计划经济下能够实现经济之辉煌增长,是事实,不是臆测。同样道理,实现节能减排也是可能的。这样说“陈旧”,不妥也。创造经济增长,得益者多多,自不待言,如何公平分配是个问题。计划体制下的节能减排,如何实现经济性的问题解决了,人人不疯子般节能就怪了。厚此薄彼之议事方法,不足取也。

Not necessarily

It’s a fact, not conjecture, that brilliant economic growth can come about under a planned economy. Similarly, it’s possible to achieve energy savings with such a model. Saying “relic” in this way is inappropriate. It goes without saying that creating economic growth will benefit a lot of people, but equitable distribution is a problem. Reducing emissions under a planned system still leaves questions about how to solve economic problems, and not everyone is fanatical about saving energy, so they’re blamed. Procedural methods that are not impartial are also insufficient.

Default thumb avatar
cdhelennh

不能完全赞同

是neo-liberal的观点吧。
“能够达到环保和经济发展最优组合的策略应该是引入市场定价的监督机制,即通过多个市场主体和环境主体(或其代表)之间的博弈,得出具体的环境污染和碳排放的价格,令造成环境污染或排放的主体付出适合的代价”--美国的基于市场机制的PES做了这么久,成功的案例有几个?
欧洲的一些学者对以市场为基础的节能减排和环境保护手段是很批判的。市场失灵的问题在政府为主导的情况下往往更容易解决外部化的问题。
作者谈到的问题归根结底不是要不要市场化的问题,而是跟政治体制相关--公众和NGO是否有效参与、地方官员的绩效评估是否还是遵循“GDP主义”、能否依法治理环境(法治还是人治),etc...
从经济基础来看,中国已经有了很多市场化的尝试,比如金融机构也推出能效融资项目、也有CDM交易(注意,今年3月匈牙利的CDM交易丑闻就是完全市场化体制下无法解决的信息不对称和制度性规范缺失的问题),排污权交易也在相当省份开始实行。上层建筑要怎么变,朝什么方向变,不是能简单说清楚的。

Can’t completely agree

This is the neo-liberal view.

“A better way of achieving both economic development and environmental protection is the adoption of market pricing – where the price of pollution and carbon emissions is set as a result of a process of negotiation between the market and environmental entities.” In the US, PES (Payments for Environmental Services) in market-based mechanisms have been used for so long, but how many success stories are out there?
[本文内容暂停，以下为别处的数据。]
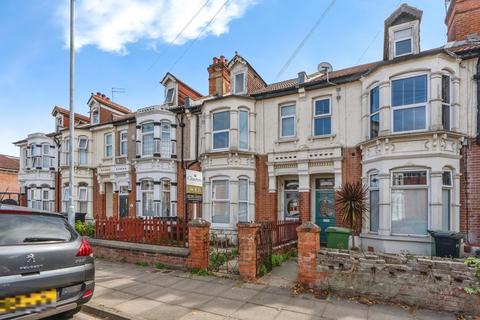 2 bedroom flat for sale, Stubbington Avenue, Portsmouth, Hampshire, PO2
Some European scholars are critical of market-based means of energy saving and environmental protection. With problems of market failure, government-led systems can often more easily solve problems that arise through external forces.

What the question approached by the author boils down to is not about whether to be market-oriented, but relates instead to political systems--the effectiveness of public and NGO participation, assessing the performance of local officials or instead following “GDP-ism,” whether or not the environment is dealt with according to law (rule of law vs. rule of man), etc ...

From the standpoint of basic economics, China has been trying a lot of market-oriented initiatives, like having financial institutions introduce energy-efficiency finance projects and using CDM (Clean Development Mechanisms) transactions (note that, in March of this year, Hungary’s CDM trading scandal involved un-resolvable problems of asymmetric information and a lack of systemic regulations within completely market-oriented systems). Emissions trading is also beginning to take hold in provinces. It’s not easy to say exactly how superstructures will change, and in what direction.